When Yoda reveals his identity to Luke, he chides his motives. “Adventure. Excitement. A Jedi craves not these things!” This is where Luke should have said, “OK, seeya, thanks for the soup.” In the movie-and-a-half leading up to this scene there is not one thing we know about Luke beyond his desire for adventure and excitement. Well, maybe his desire to know more about his father, but that in itself wouldn’t make him yearn to be a Jedi any more than I yearn to be a bookbinding salesman.

And by the way, what’s wrong with craving adventure and excitement? Yoda never says. He does say that Luke is filled with much anger. Really? Luke? Luke Skywalker? When Luke tells Yoda he’s not afraid, Yoda promises him mysteriously, “You will be. You will be.” Huh? Is Yoda in the same movie as everyone else?

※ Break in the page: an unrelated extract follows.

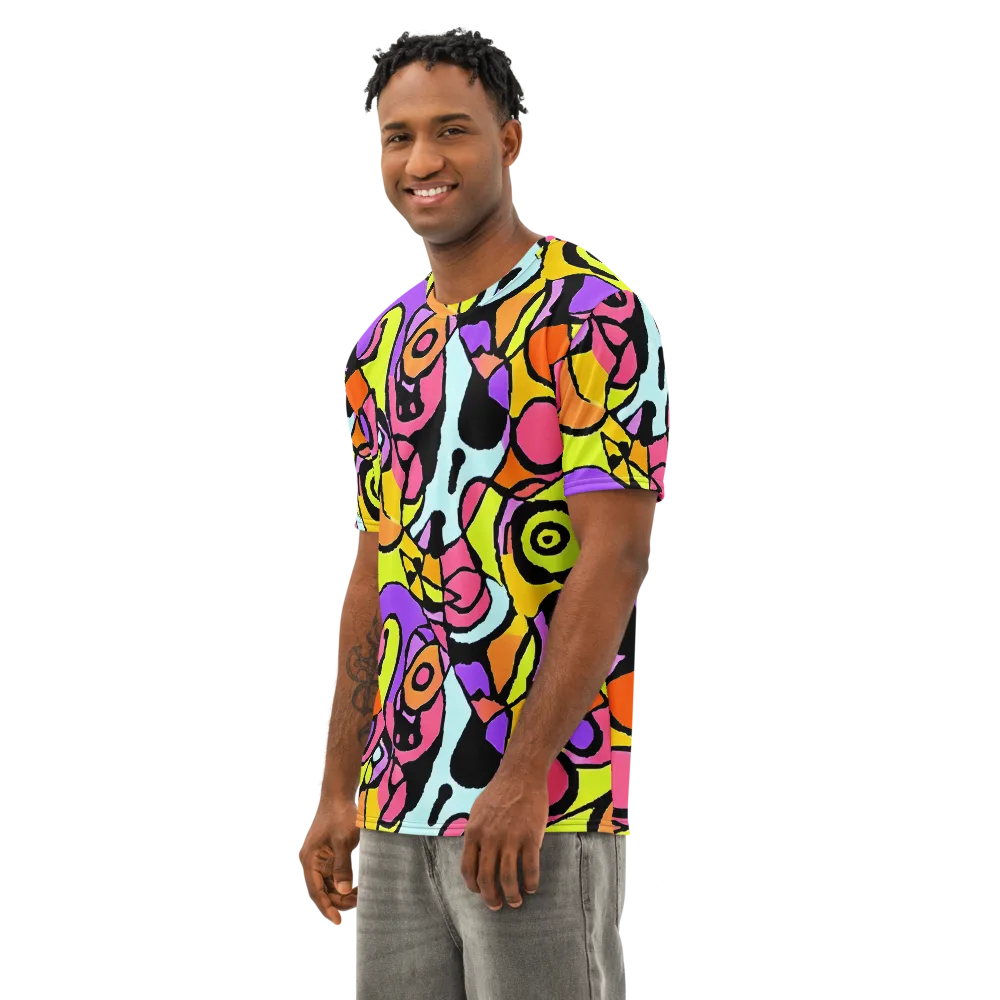 Spirals of Joy on Men's Cotton Crew Neck T-Shirt — Left Front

I’d like to turn our attention away from Dagobah for just long enough to make this observation: with hundreds of ships and thousands of fleet personnel at his disposal, why, exactly, does Darth Vader think he’ll have better luck capturing the Millennium Falcon by putting a tiny handful of bounty hunters on the job? Fortunately for the bounty hunters, when the Imperial fleet finally flushes the Falcon out of the asteroid field, her hyperdrive is still busted. Han Solo’s repairs aren’t worth spit (and baling wire). Groan.

Back to Yoda, who implores Luke to stay on Dagobah until his training is complete. “Only a fully trained Jedi knight, with the Force as his ally, will conquer Vader and his emperor.” Ben opines that Luke is their “last hope.” Two things about this: first, what do Ben and Yoda think a greenhorn like Luke can do alone against the Empire that they themselves could not have done better together years earlier, before the Empire amassed its present might? And second, if everything depends on Luke, why in the world did Ben wait so long to begin Luke’s Jedi training?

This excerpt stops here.